Эти объяснения были приняты как правильные исследователями Смуты, полагавшими, что после бегства Лжедмитрия II в Калугу его главной опорой стало казачество[748]
. Однако, как показано в исследовании И. О. Тюменцева, в Калуге продолжал существовать «двор», организованный как традиционная для русского общества иерархия «чинов», основу которого составляли люди, принадлежавшие к окружению Лжедмитрия II еще в Тушине[749]. В случае прихода к власти Самозванца именно они должны были занять места в первых рядах русской политической элиты, что, конечно, не могло устроить находившихся в Москве служилых людей, бывших сторонников царя Василия.Разумеется, и мотив страха перед войском Лжедмитрия II не следует недооценивать. Однако это был не столько страх перед опасностью социального переворота, сколько обоснованные опасения перед насилиями и грабежами, которые последовали бы за вступлением этого войска в Москву. Главная военная сила Лжедмитрия II — наемное войско во главе с Я. П. Сапегой — уже в предшествующие годы сумела приобрести соответствующую репутацию в глазах русского населения Замосковного края. К тому же это войско вовсе не скрывало своих намерений любой ценой добиться щедрого вознаграждения за свою службу[750]
.При принятии решения об избрании Владислава имел значение и другой мотив. Расколотое долголетней смутой, вызванной столкновениями различных кланов и социальных слоев, русское общество нуждалось в царе как верховном арбитре, который бы, встав над схваткой, мог бы своими решениями содействовать прекращению внутренних конфликтов. Такой роли соответствовал не Лжедмитрий II, вовлеченный во все эти внутренние конфликты, и не представитель одного из боярских кланов, а государь из «великого рода», пришедший на русский престол извне.

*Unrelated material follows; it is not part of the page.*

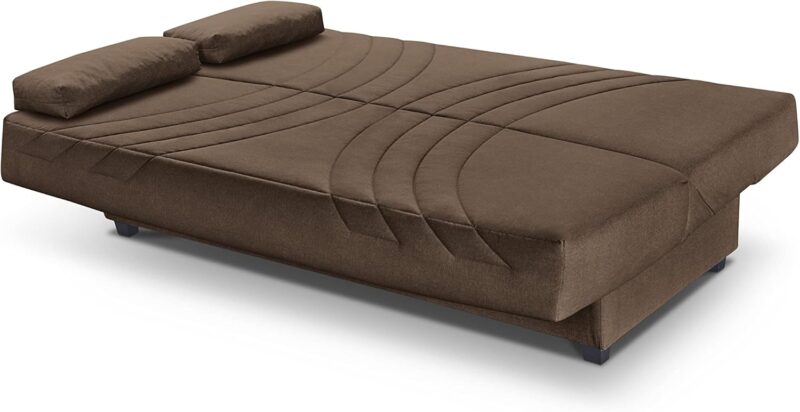 Sofá Cama Libro - Imagen 3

В этом, очевидно, состоял смысл «боярского приговора», о котором говорится в разрядных записях, «что им из Московского государства государя не обирать никово»[751]
. В продолжении Псковской 1-й летописи сохранилось сообщение, в котором говорится, как бояре обосновывали свой «приговор»: «Реша от княжеска и боярска роду… не хощем своего брата слушати: ратнии людие рускаго царя не боятся, его и не слушают и не служат ему»[752].Характерно, что другой современник, Конрад Буссов, рассказывая о том, как московские «чины» обсуждали после низложения Шуйского вопрос о судьбе русского трона, приводит в своем сочинении сходные доводы в пользу избрания иноземного государя. По словам Буссова, в Москве говорили, что, «если мы сейчас выберем одного из» вельмож «царем земли нашей, другие тотчас же начнут его ненавидеть и тайно преследовать, ибо никому неохота кланяться и подчиняться себе равному». Поэтому следует избрать «совсем чужого вельможу, который был бы прирожденным государем по отцу и по матери и не имел бы себе равного в нашей земле»[753]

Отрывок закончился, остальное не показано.